American preacher and author

A. Jan Marcussen is a preacher, and marriage counselor. He is most known for views and promotion, through writing and other methods, of eschatology and the seventh-day Sabbath. Marcussen has offered to pay 1,000,000 U.S. dollars to anyone who can find biblical proof of a Sunday Sabbath.

==Books==
Marcussen’s writings includes books by Amazing Truth Publications: Two Months to Live; Cousin Henry Potter (and the Terrible Time Machine); and National Sunday Law. Seven Secrets of Family Happiness is published by “Southern Publishing Association,” The Seventh-day Adventist denominational publisher, Southern Publishing Association, was located in Nashville, TN, and merged with the denominational Review and Herald Publishing Association in 1980.

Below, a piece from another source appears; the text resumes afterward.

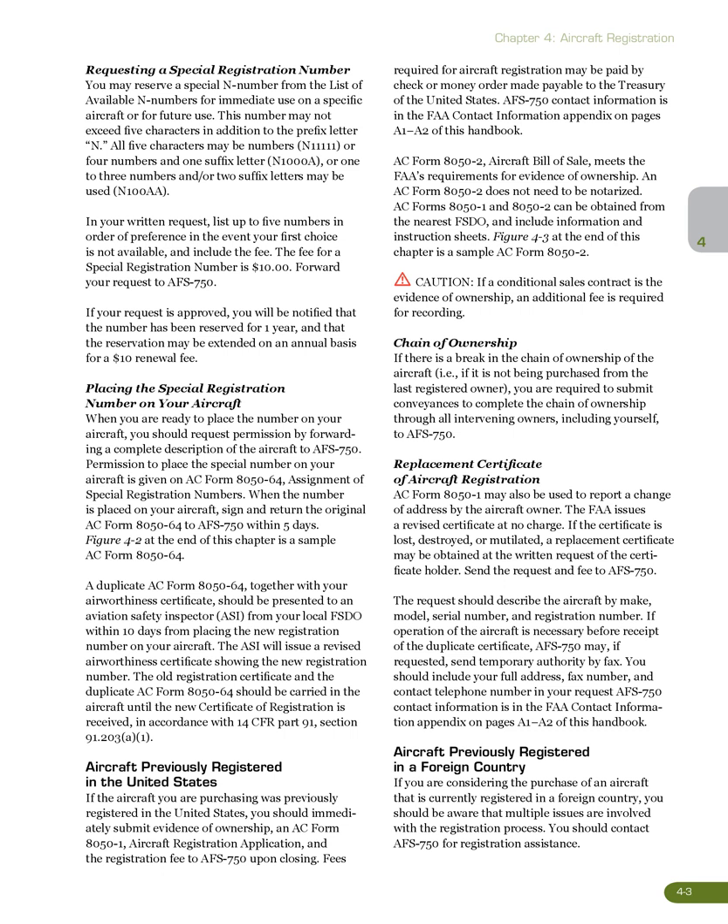Replacement Certificate of Aircraft Registration: AC Form 8050-1 may also be used to report a change of address by the aircraft owner. The FAA issues a revised certificate at no charge. If the certificate is lost, destroyed, or mutilated, a replacement certificate may be obtained at the written request of the certificate holder. Send the request and fee to AFS 750. The request should describe the aircraft by make, model, serial number, and registration number. If operation of the aircraft is necessary before receipt of the duplicate certificate, AFS 750 may, if requested, send temporary authority by fax. You should include your full address, fax number, and contact telephone number in your request.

Marcussen’s National Sunday Law was published in 1983. By 2021, it has reached 48.1 million copies in 74 languages. National Sunday Laws focuses on prophetic apocalyptic interpretations and warnings from the biblical books of Daniel and Revelation. Among other things, he discusses the Beast in Revelation and the image and mark of The Beast in Revelation. National Sunday Law maintains that the United States government will soon enact a national blue law that would mandate Sunday as being a day of rest and worship.

==Videos==
- Catholic Charismatic Attack (on God's SDA Church) series
- Roman Catholic Attack (on God's SDA Church) series
- Revelation Studies series

==Newsletter==
Jan Marcussen publishes a newsletter that chronicles the advancement toward a civil law requiring worship on Sundays (the Lord's Day in historic Christianity).

==Cultural references==
Marcussen's National Sunday Law was in part the inspiration for the 2004 action movie, The 4th Beast: Mask of the Antichrist. Director Nathyn Masters, an alumnus of Chicago's Columbia College, recounts how he desired to create an endtime Christian action film with a posttribulation scenario as an alternative to such pre-tribulation films as Left Behind.